About this task: Without altering a word, return the records below, but exclude the pictures.
(Records provided)
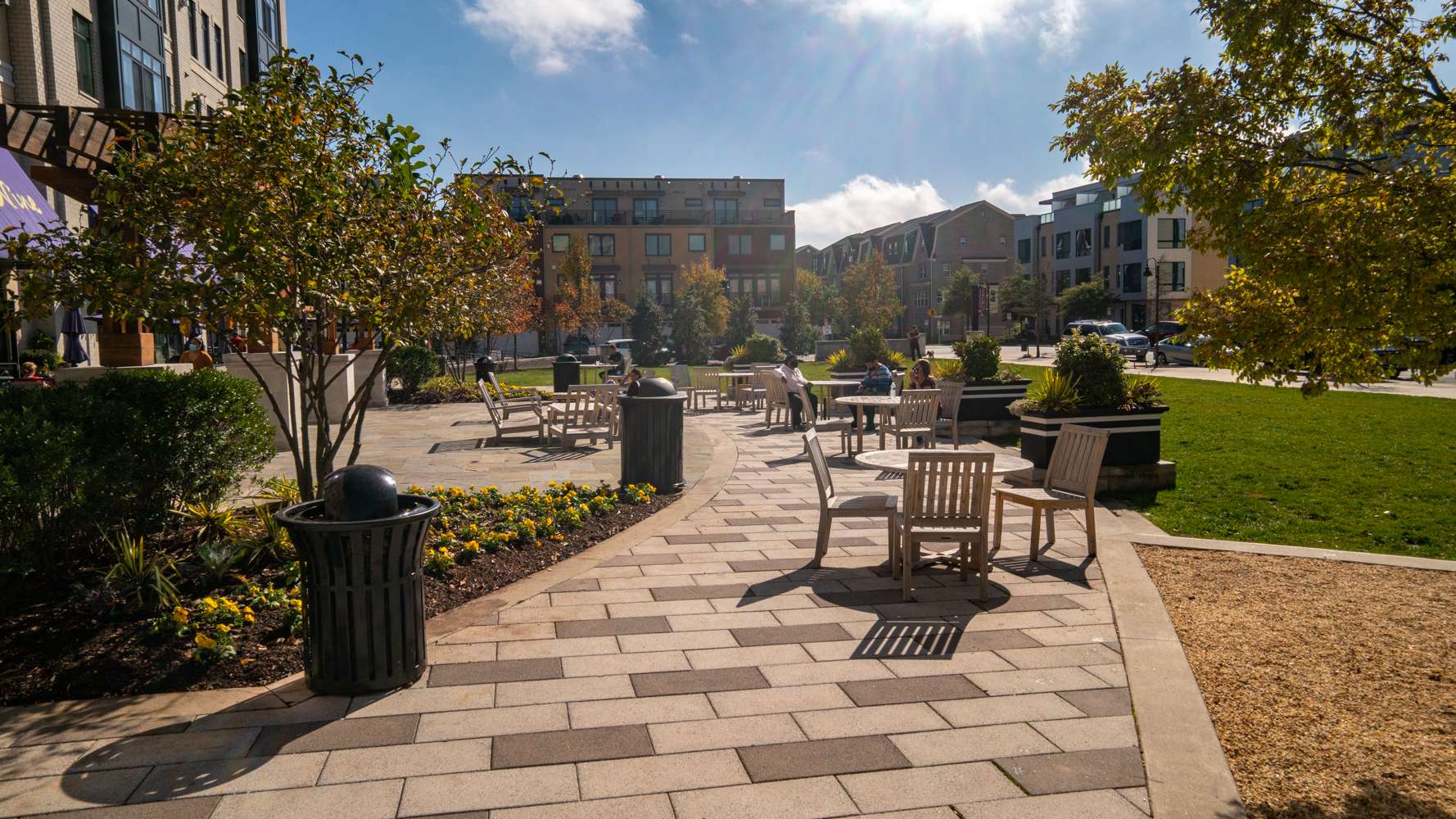 LevelGreen commercial shopping common area seating chairs paver pathway walkway landscaping trees cotainer gardens annual plantings 7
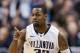 Mar 06, 2013; Philadelphia, PA, USA; Villanova Wildcats guard James Bell (32) celebrates making a basket during the first half against the Georgetown Hoyas at the Wells Fargo Center. Villanova defeated Georgetown 67-57. Mandatory Credit: Howard Smith-USA TODAY Sports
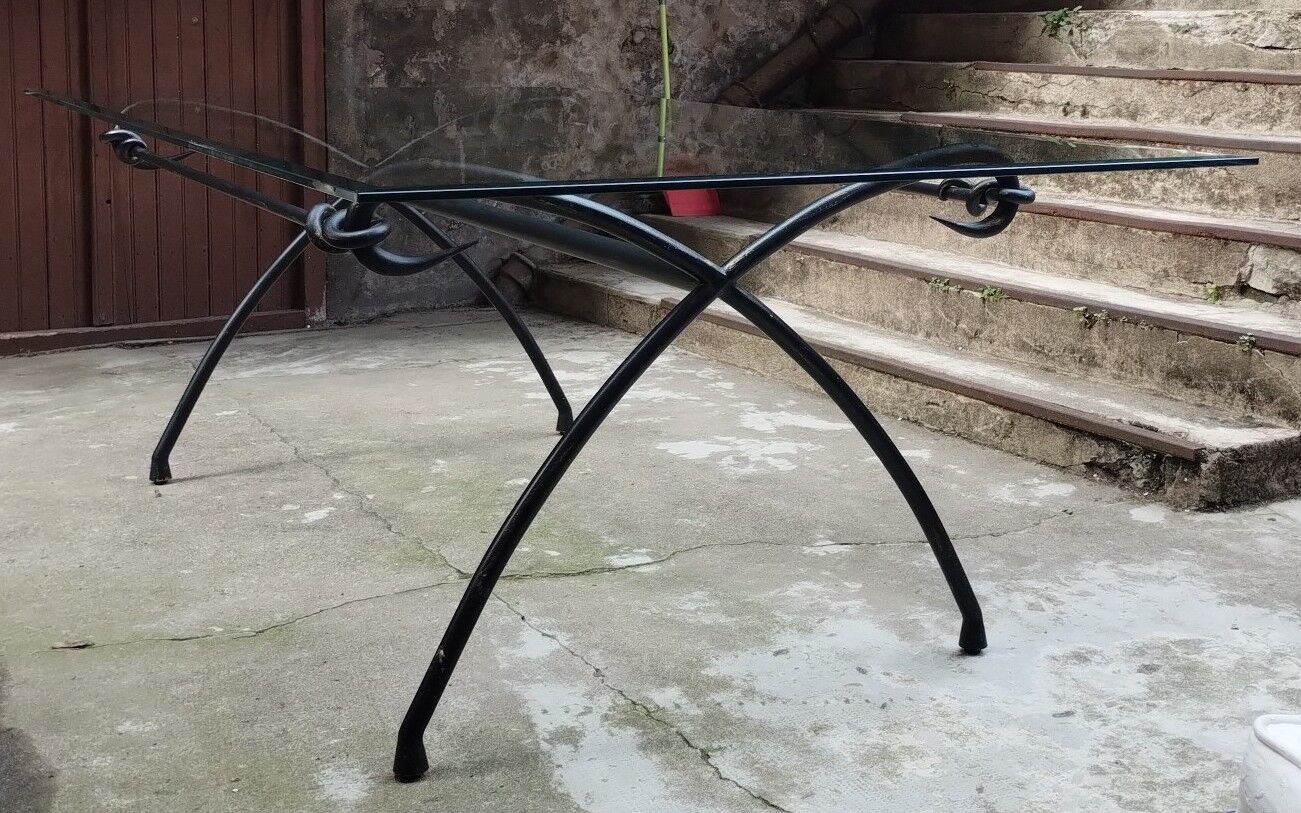 Wrought iron and glass dining table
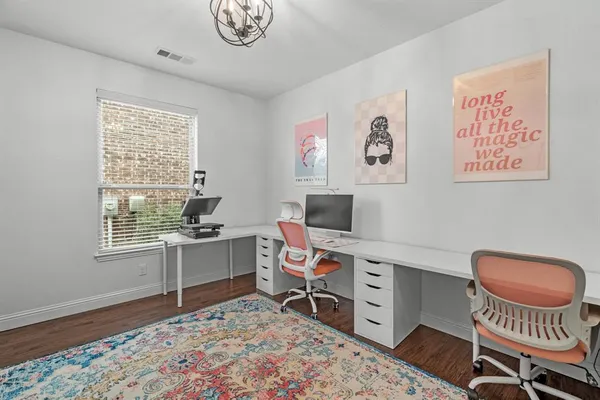 a workspace with furniture and window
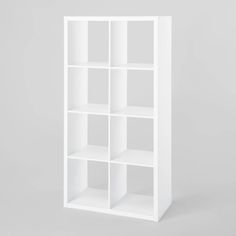 an empty white bookcase on a gray background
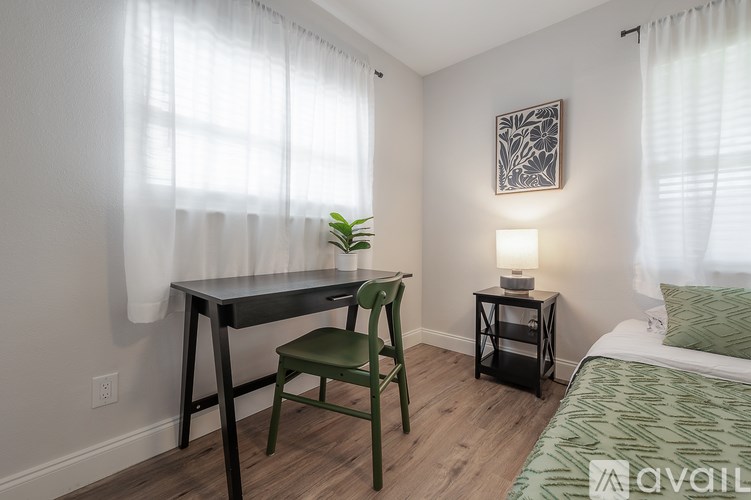 A room with a bed, desk, chair, and lamp.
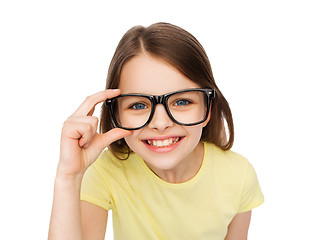 Image showing smiling cute little girl in black eyeglasses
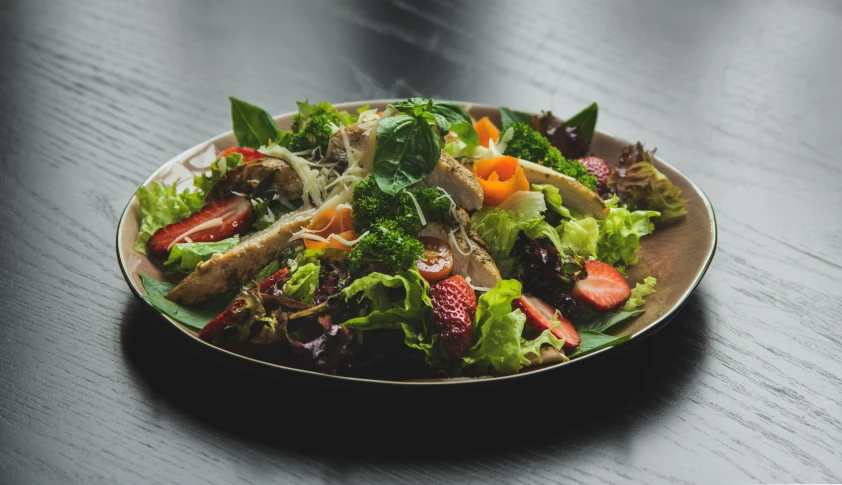 there is a plate of salad on a table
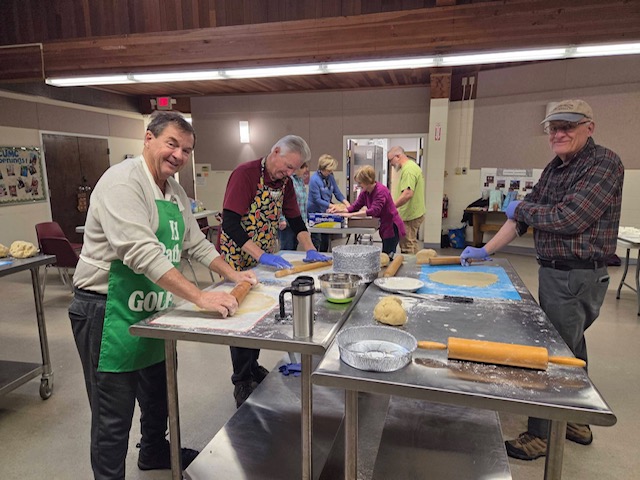 Volunteers rolling pie dough for the apple pie fundraiser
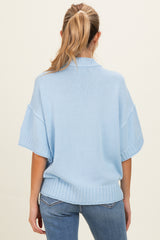 woman wearing a light blue short sleeve maternity sweater, showing a relaxed fit and ribbed hem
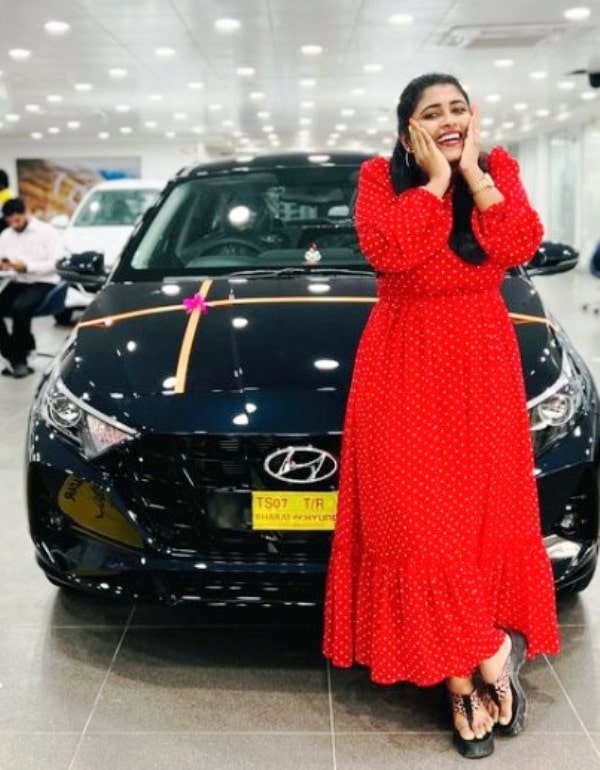 Geetu Royal standing in front of her Hyundai i20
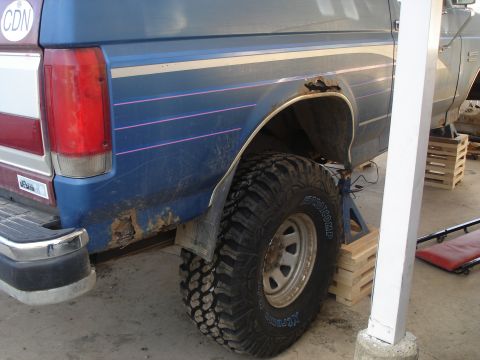 1990 Ford Bronco - Rear quarter panel and tire of a 1990 Ford Bronco, showing rust and off-road modifications.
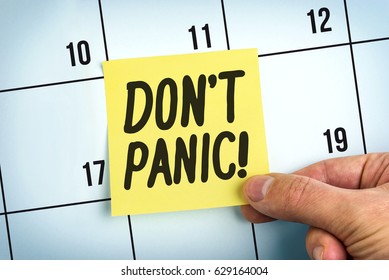 Hand Holding Yellow Paper Note With Words Don't Panic On Calendar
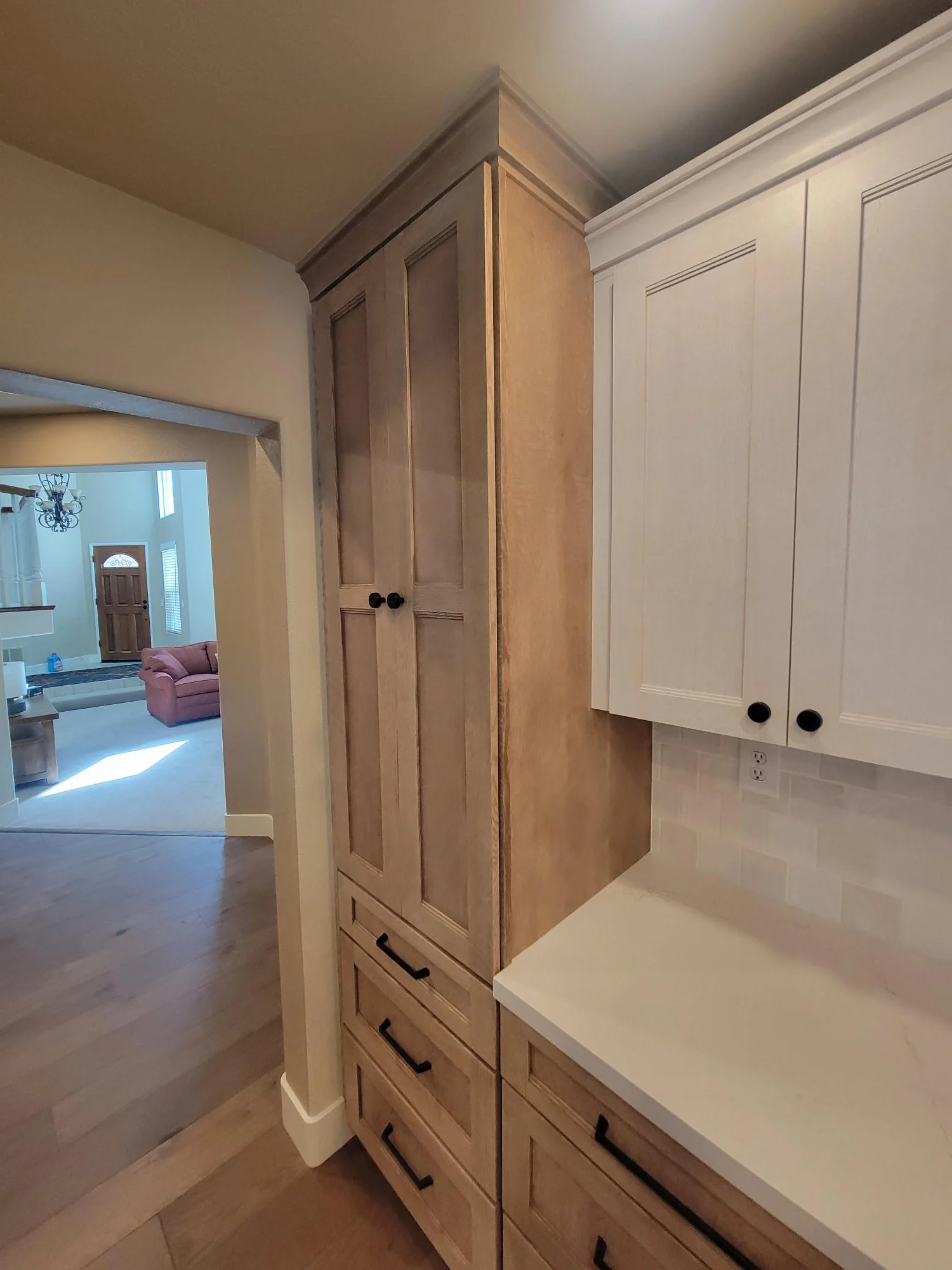 Tall wooden pantry cabinet with white painted upper cabinets and black hardware in kitchen space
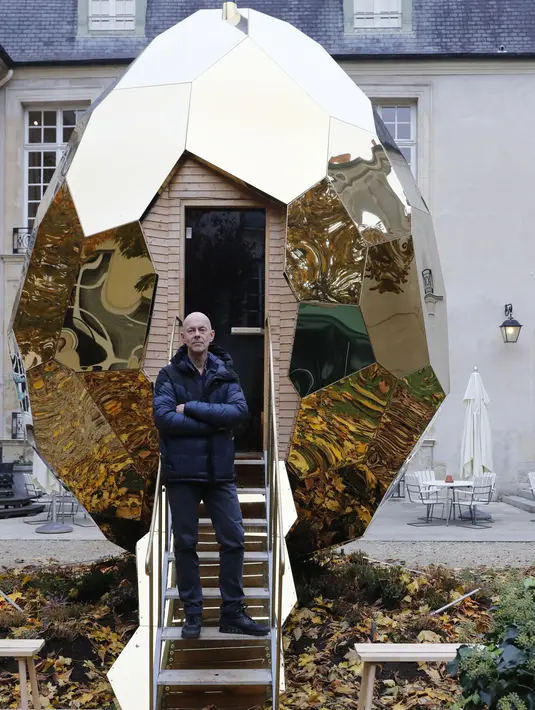 Seniman Mats Bigert berpose di depan Solar Egg, sebuah fasilitas sauna berbentuk telur raksasa di Institut Swedia di Paris, Rabu (15/11). Sauna berukuran 588x567x455 cm ini dibuat dari berbagai material seperti stainless steel. (PATRICK KOVARIK / AFP)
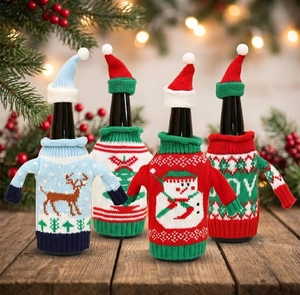Detail view of 4-pack knitted Christmas wine bottle sweaters with hats on wood surface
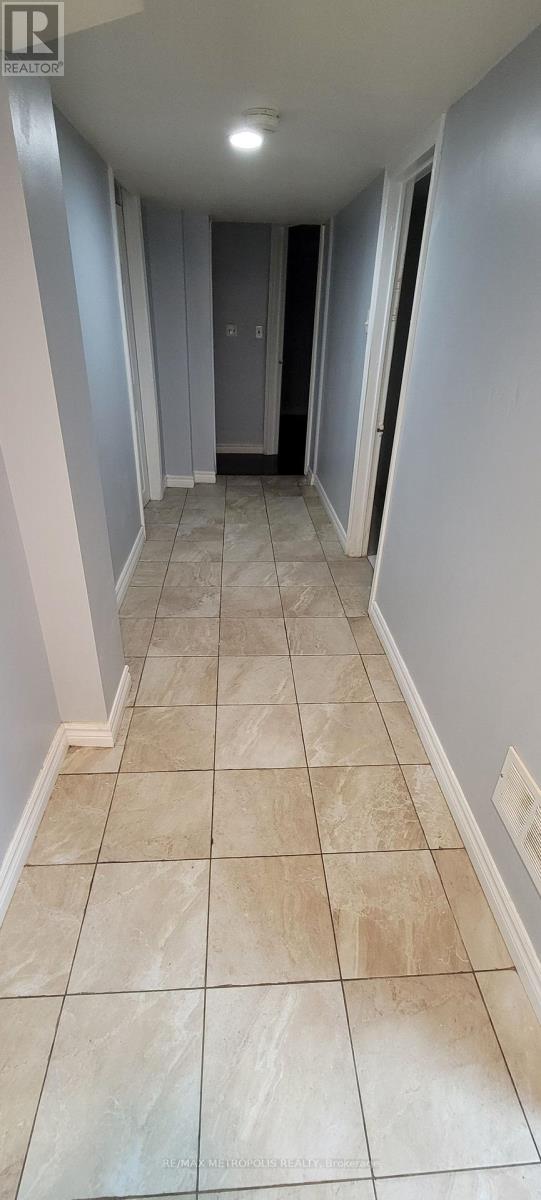 A hallway with tiled floors and a door at the end.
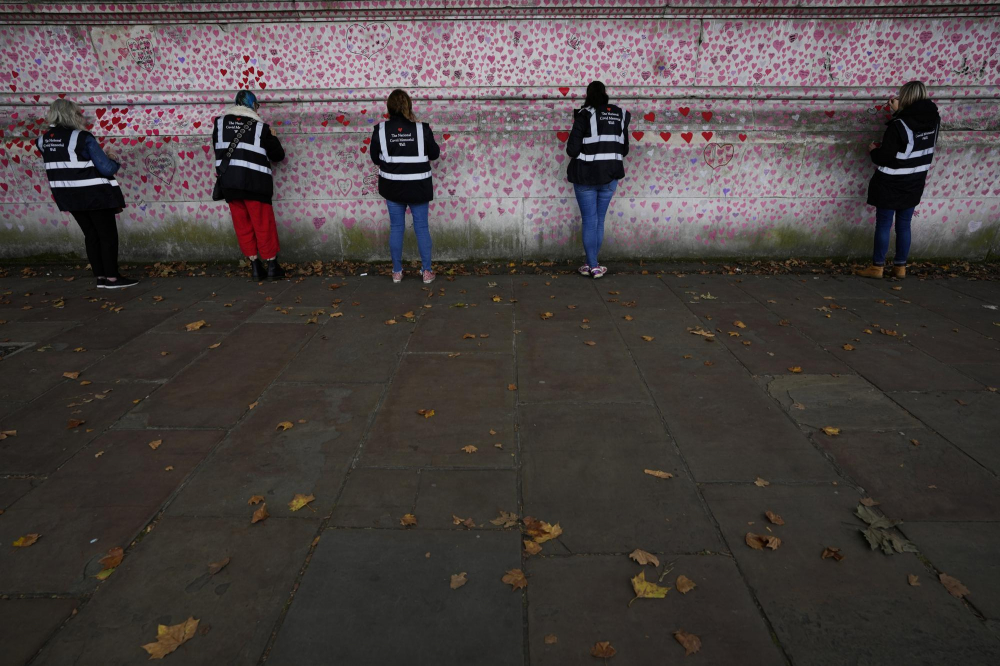 Các tình nguyện viên làm việc trên bức tường tưởng niệm COVID-19 ở Westminster, London. Mất khoảng 9 phút để một người đi bộ hết chiều dài của bức tường tưởng niệm mà không tạm dừng để đọc tên và chữ khắc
(End Records provided)
Result for this task:
 LevelGreen commercial shopping common area seating chairs paver pathway walkway landscaping trees cotainer gardens annual plantings 7
 Mar 06, 2013; Philadelphia, PA, USA; Villanova Wildcats guard James Bell (32) celebrates making a basket during the first half against the Georgetown Hoyas at the Wells Fargo Center. Villanova defeated Georgetown 67-57. Mandatory Credit: Howard Smith-USA TODAY Sports
 Wrought iron and glass dining table
 a workspace with furniture and window
 an empty white bookcase on a gray background
 A room with a bed, desk, chair, and lamp.
 Image showing smiling cute little girl in black eyeglasses
 there is a plate of salad on a table
 Volunteers rolling pie dough for the apple pie fundraiser
 woman wearing a light blue short sleeve maternity sweater, showing a relaxed fit and ribbed hem
 Geetu Royal standing in front of her Hyundai i20
 1990 Ford Bronco - Rear quarter panel and tire of a 1990 Ford Bronco, showing rust and off-road modifications.
 Hand Holding Yellow Paper Note With Words Don't Panic On Calendar
 Tall wooden pantry cabinet with white painted upper cabinets and black hardware in kitchen space
 Seniman Mats Bigert berpose di depan Solar Egg, sebuah fasilitas sauna berbentuk telur raksasa di Institut Swedia di Paris, Rabu (15/11). Sauna berukuran 588x567x455 cm ini dibuat dari berbagai material seperti stainless steel. (PATRICK KOVARIK / AFP)
Detail view of 4-pack knitted Christmas wine bottle sweaters with hats on wood surface
 A hallway with tiled floors and a door at the end.
 Các tình nguyện viên làm việc trên bức tường tưởng niệm COVID-19 ở Westminster, London. Mất khoảng 9 phút để một người đi bộ hết chiều dài của bức tường tưởng niệm mà không tạm dừng để đọc tên và chữ khắc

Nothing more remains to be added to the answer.